◆ **Task description**
All lines from the one containing "Purim seamless pattern" through the end of the material below are to be printed exactly, both ends included, minus pictures.

◆ **Provided information**
^^^^^^^^

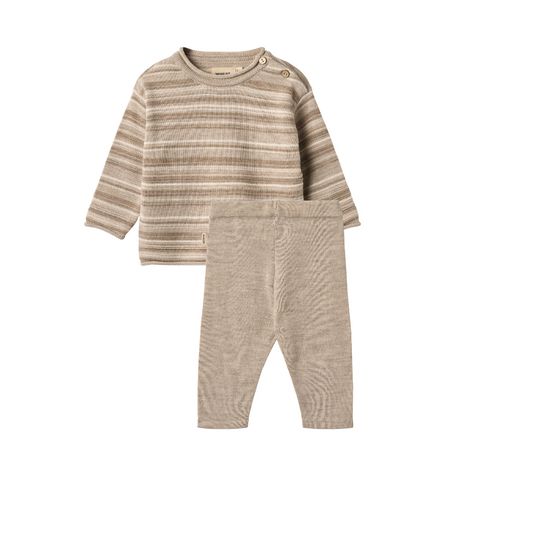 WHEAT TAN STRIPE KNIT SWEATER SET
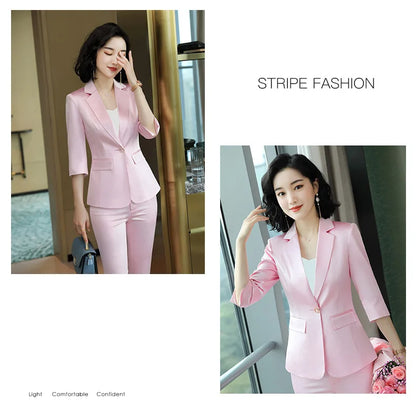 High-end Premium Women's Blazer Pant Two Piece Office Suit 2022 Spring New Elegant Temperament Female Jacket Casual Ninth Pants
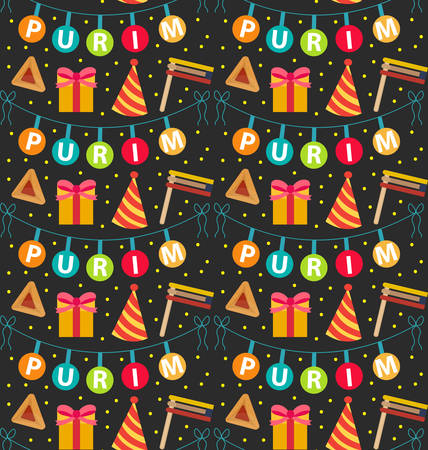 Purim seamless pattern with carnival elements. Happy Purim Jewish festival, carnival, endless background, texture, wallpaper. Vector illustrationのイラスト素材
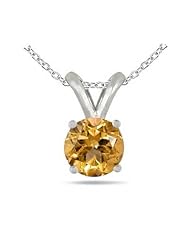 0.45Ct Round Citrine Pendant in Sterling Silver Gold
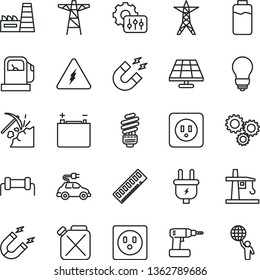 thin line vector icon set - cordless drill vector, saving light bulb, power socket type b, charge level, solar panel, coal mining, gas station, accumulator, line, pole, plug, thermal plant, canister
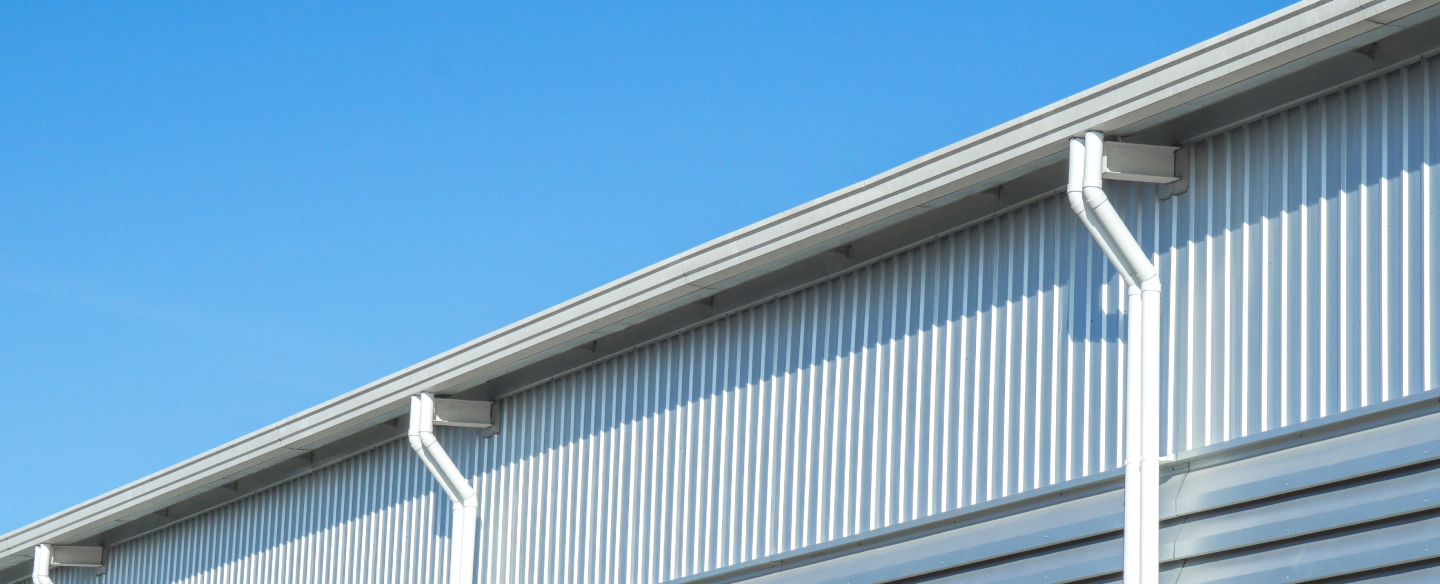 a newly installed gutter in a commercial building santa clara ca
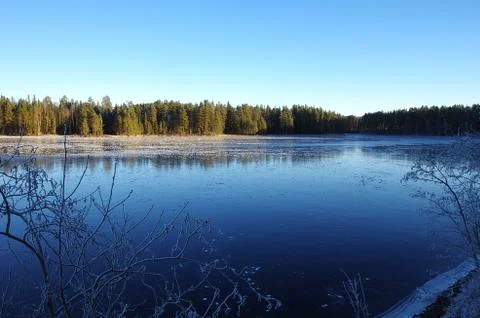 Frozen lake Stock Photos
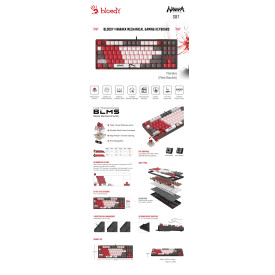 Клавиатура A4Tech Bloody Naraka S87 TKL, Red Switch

^^^^^^^^

◆ **Exercise response**
 Purim seamless pattern with carnival elements. Happy Purim Jewish festival, carnival, endless background, texture, wallpaper. Vector illustrationのイラスト素材
 0.45Ct Round Citrine Pendant in Sterling Silver Gold
 thin line vector icon set - cordless drill vector, saving light bulb, power socket type b, charge level, solar panel, coal mining, gas station, accumulator, line, pole, plug, thermal plant, canister
 a newly installed gutter in a commercial building santa clara ca
 Frozen lake Stock Photos
 Клавиатура A4Tech Bloody Naraka S87 TKL, Red Switch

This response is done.